The present invention relates generally to wood product fabrication and more particularly to the fabrication of wooden pallets.
Wooden pallets for transporting and storing goods are widely used in commerce and industry, and are particularly adapted to be handled by fork lift type handling equipment. A typical pallet is constructed by nailing a series of deck boards to a supporting base of transversely positioned, spaced apart stringers. The deck boards form a load supporting surface upon which goods to be transported are placed. A pallet may have deck boards nailed to only one side of the transversely positioned stringers, but customarily they are nailed to both sides.
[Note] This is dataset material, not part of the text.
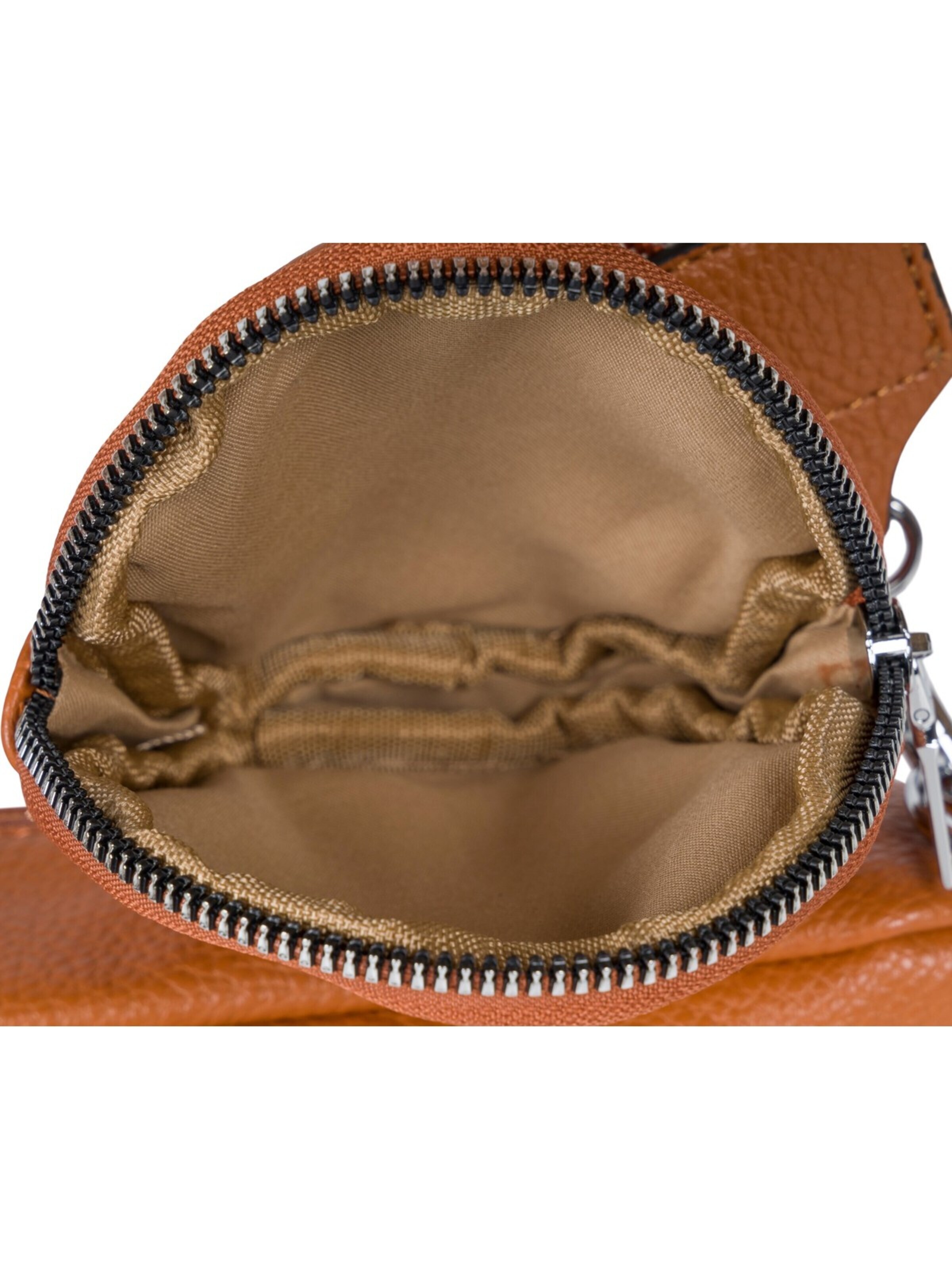 styleBREAKER Umhängetasche '2-Teiliges Set Halbmond Crossbody Bag'‌‌‌‌ in Braun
Attempts have been made to automate various aspects of the pallet fabrication process. For example, in U.S. Pat. No. 5,095,605 to Tonus, the automatic nailing of deck boards to stringers is described. In U.S. Pat. No. 3,706,408 to Burch, the automatic feeding of deck boards and stringers to a pallet assembly area are described.
Typically, stringers are pre-cut and stacked into arrays and placed within close proximity of pallet fabrication devices. These stringers are typically manually unloaded from these stacked arrays and placed within various feeder devices which automatically position them for assembly. It would be desirable to automate the handling of stringers such that multiple stringers could be moved simultaneously into the feeding devices. Unfortunately, the slender nature of stringers makes handling via automatic devices somewhat difficult. Also, the stringers have a tendency to bind up when pushed in groups.
Attempts to automate the step of nailing the deck boards and stringers together have primarily focused on the use of hydraulically operated nailing devices and on the use of "collated" nails (i.e., nails that are packaged and presented to the nailing device in an interconnected fashion). Unfortunately, hydraulically operated nailing devices have several drawbacks. The nailing speed of a hydraulically operated ram often requires the nailing device to pause briefly each time a nail is to be driven into a deck board and stringer. As a result, pallet production rates are somewhat limited. In addition, hydraulically operated nailing stations use hydraulic fluid, which can be somewhat messy and require a certain amount of maintenance to avoid leaks.
Attempts to automate the nailing of deck boards to stringers have typically utilized collated nails as opposed to bulk nails because collated nails are typically easier to handle at high speeds than are bulk nails. Another reason collated nails have been favored is that controlling the delivery of bulk nails to a nailing station operating at high production speeds has proven somewhat difficult. Unfortunately, the cost of collated nails is often several times that of bulk nails.
Automatic nailing devices often move along a frame via a gantry and are configured to drive nails into pallets located thereunder. Unfortunately, the nailing operation is a somewhat violent and jarring operation that can cause the gantry to "rack" relative to the pallet and become misaligned. This can reduce accuracy of nailing. Downtime for gantry realignment is detrimental to production rates for these automatic nailing devices.
In view of the foregoing, it is an object of the present invention to provide an automatic pallet fabrication apparatus that eliminates the problems associated with nail driving systems that can utilize bulk nails.
It is also an object of the present invention to provide such an apparatus that utilizes bulk nails.
It is another object of the present invention to provide an automatic pallet fabrication apparatus including an automatic stringer feeding system that can move multiple stringers simultaneously.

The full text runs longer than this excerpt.